I’m coming to grips with the fact that it’s actually not a rivalry. A rivalry usually includes two teams or individuals that are evenly matched and equally decorated like the Celtics-Lakers in the 80’s or Federer-Nadal in the 21st Century. The Pittsburgh-Washington rivalry is completely one-sided and predictable. It’s similar to Ohio State and Michigan; a rivalry that has completely lost its luster because since 2001 the Wolverines have only one twice. Of course, they have a more storied history, but my point is that rivalries can become very bland and uninteresting.

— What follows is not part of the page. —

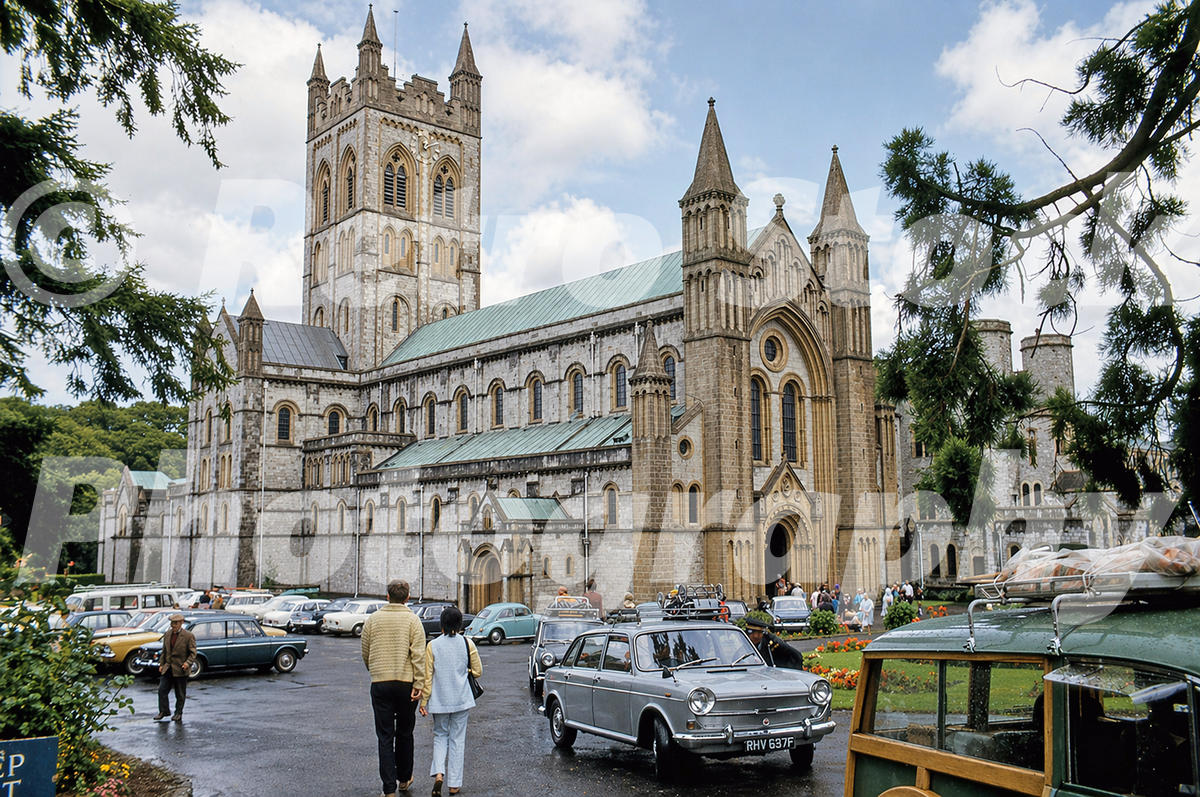 1970s photo of Buckfast Abbey in Devon, with visitors, parked cars including an Austin 1800 Landcrab, and the abbey’s west front seen from the forecourt.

Imaginary Penguins’ Fan: You’re just jealous.
Me: You already said that.
Imaginary Penguins’ Fan: Fine, you’re bitter.
Me: That’s the same thing.
Imaginary Penguins’ Fan: Woo! Go Penguins!
Me: Hmm…

I am bitter, I will admit it. However, Pittsburgh fans can’t say anything about it because they don’t know what it’s like. They’re spoiled brats when it comes to sports. Not in like an inherited classy New York way, or rags to riches Boston way, but more like a trailer trash wins the lottery kind of way (it’s a joke, not a stereotype, calm down, everybody). Let’s look at the Pittsburgh-Washington rivalry if it were between the two cities as a whole:

Super Bowls: Pittsburgh 6, Washington 3.
Stanley Cups: Pittsburgh 5, Washington 0.
World Series: Pittsburgh 5, Washington 0.
NBA Championships: Washington 1, Pittsburgh 0 (because they don’t have a basketball team).

16-4 overall. How pathetic. Rivalries aren’t supposed to be pathetic; they are supposed to move us, keep us enthralled, make us anxious, and make supporters from other teams tune into the matchup just because it’s an amazing unpredictable game. The Penguins-Capitals has become hardly that.

I always thought the window was closing for the Capitals the last few years, but I believe it’s now shut. The hope of just a shred of glory has drifted away; especially with the emergence of the Blue Jackets, Maple Leafs, and Sabres (you’ll see) in the East and the Predators and Oilers in the West. Las Vegas has once again given Washington high odds to win the Cup in 2018. Sadly, I wouldn’t take that bet. In my disgruntled eyes, the Golden Knights have just as good of a chance.

I will always support you, Capitals, but when the hell are you going to return the favor to the fan base? Forget about Pittsburgh and just rock the red.